I didn't say it was free; just that the cost was insignificant compared to the current cost.
My sys.path in an interactive interpreter contains 11 entries. If I want to add a package with both $prefix and $exec_prefix components, the worst case is that the directory holding the __init__.py* is the last path entry, and the other directory is in the immediately preceeding path entry. After the current mechanism locates the __init__.py* file, it needs to build the __path__ for the package. It takes 10 stat() calls to locate the additional directory. Considering that the initial search that caused the package module to be created took: 11 stats to see if the entries contained the appropriate directory + 2 stats to determine that the first directory of the package (the one that doesn't have __init__.py*) wasn't it + 36 to determine that the first 9 directories didn't contain a matching .so|module.so|.py|.py[co]. Plus at least one to actually find the __init__.pyc; two if only the .py is available. (I think I followed the code right. ;) That's 59 system calls (either stat() or open(), the later hidden inside fdopen()). I don't the added 10 to get the right __path__ is worth worrying about.
Wow, what an analysis.
It's the .py[co] files that are expensive to load! Once you've created the package, sub-modules are very cheap: you will typically have no more than two path entries to check even once all this is in place.
I'm not sure I follow you here: do you mean with a package dir cache in place or using the system implemented in the current release ?
caching; loading Grail is still dog slow, and I've no doubt that the 600+ stat() calls contribute to that! 1-)
Oops, after following through with the math, I'd have to adjust this to 6000 stat()/open() calls for Grail. Sorry!
This seems like something to worry about and probably also enough to try really hard to find a good solution, IMHO.
And back to Marc-Andre:
I would very much like to see some sort of caching in the interpreter. The fastpath hook I implemented uses a marshalled dict stored in the user's home dir for the lookup.
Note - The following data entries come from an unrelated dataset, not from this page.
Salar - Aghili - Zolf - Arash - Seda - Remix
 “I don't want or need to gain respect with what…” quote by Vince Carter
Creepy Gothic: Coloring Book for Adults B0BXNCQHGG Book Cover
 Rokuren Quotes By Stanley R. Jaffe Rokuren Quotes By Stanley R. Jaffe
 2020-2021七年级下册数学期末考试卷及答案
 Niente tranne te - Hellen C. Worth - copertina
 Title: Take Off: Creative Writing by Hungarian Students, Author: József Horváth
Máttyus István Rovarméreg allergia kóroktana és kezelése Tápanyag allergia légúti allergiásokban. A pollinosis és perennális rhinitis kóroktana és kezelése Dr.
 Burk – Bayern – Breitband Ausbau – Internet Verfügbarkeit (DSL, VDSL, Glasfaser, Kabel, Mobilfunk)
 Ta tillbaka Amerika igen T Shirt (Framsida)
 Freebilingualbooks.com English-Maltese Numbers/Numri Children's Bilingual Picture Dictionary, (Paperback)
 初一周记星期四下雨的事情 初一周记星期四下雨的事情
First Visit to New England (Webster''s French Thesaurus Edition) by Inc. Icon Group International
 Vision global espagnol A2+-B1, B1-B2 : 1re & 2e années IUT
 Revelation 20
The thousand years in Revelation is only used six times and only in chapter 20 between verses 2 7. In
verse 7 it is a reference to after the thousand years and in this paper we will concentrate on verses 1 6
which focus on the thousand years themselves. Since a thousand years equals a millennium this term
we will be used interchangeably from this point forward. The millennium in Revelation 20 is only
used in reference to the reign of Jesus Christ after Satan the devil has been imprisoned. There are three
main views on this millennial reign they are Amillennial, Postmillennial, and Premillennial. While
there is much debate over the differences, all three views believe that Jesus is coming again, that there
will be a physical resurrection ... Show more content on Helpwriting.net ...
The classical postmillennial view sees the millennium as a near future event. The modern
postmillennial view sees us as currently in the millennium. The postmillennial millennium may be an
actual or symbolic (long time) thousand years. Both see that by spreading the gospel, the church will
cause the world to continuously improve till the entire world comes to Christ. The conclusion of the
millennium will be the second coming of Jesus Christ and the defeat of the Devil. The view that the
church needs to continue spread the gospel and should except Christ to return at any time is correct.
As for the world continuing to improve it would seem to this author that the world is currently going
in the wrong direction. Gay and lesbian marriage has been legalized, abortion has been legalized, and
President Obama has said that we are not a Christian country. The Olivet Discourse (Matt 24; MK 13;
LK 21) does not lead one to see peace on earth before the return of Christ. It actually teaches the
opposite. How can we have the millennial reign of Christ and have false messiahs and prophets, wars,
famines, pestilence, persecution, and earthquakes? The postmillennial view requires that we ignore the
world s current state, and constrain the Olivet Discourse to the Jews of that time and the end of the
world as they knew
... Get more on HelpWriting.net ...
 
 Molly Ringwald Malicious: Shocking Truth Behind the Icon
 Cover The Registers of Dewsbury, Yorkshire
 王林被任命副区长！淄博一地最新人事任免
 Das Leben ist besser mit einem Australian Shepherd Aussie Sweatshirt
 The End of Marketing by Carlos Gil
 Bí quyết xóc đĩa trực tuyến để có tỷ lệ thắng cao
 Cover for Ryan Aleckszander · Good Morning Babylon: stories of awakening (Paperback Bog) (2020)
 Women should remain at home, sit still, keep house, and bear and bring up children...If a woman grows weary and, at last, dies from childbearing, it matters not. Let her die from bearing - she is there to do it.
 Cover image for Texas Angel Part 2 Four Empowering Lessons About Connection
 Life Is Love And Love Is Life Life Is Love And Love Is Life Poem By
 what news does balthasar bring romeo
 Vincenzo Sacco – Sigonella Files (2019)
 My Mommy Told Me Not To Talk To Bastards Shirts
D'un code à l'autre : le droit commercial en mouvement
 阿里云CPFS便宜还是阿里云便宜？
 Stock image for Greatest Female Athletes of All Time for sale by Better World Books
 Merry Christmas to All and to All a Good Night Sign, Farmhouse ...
Once created,
I don't think I'd store the cache; if a user's home directory is mounted via NFS (common), then it may often be wrong if the user actively works with a variety of hosts with different versions or installations of Python.
True, that's why the hook allows you to code the strategy in Python. Note that my current version uses the sys.path as key into a table of name:file mappings, so even when using different setups (which will certainly have some differences in sys.path), the cache should work. Maybe one should add some more information to the key... like the platform specifica or the even the mtimes of the directories on the path.
The benefits of a cache are greatest for applications that import a lot of modules (like Grail!); the cache can be built using a directory scan as each directory is searched. (I think one of the guys from CWI did this at one point and had really good results; Jack?)
Yep, remember that too. The problem with these scans is that directories may contain huge amounts of files and you would need to check all of them against the module extensions Python uses.
Anyway, the dynamic and static versions are both implementable using the hook, so I'd opt for going into that direction rather than hard-wiring some logic into the interpreters core.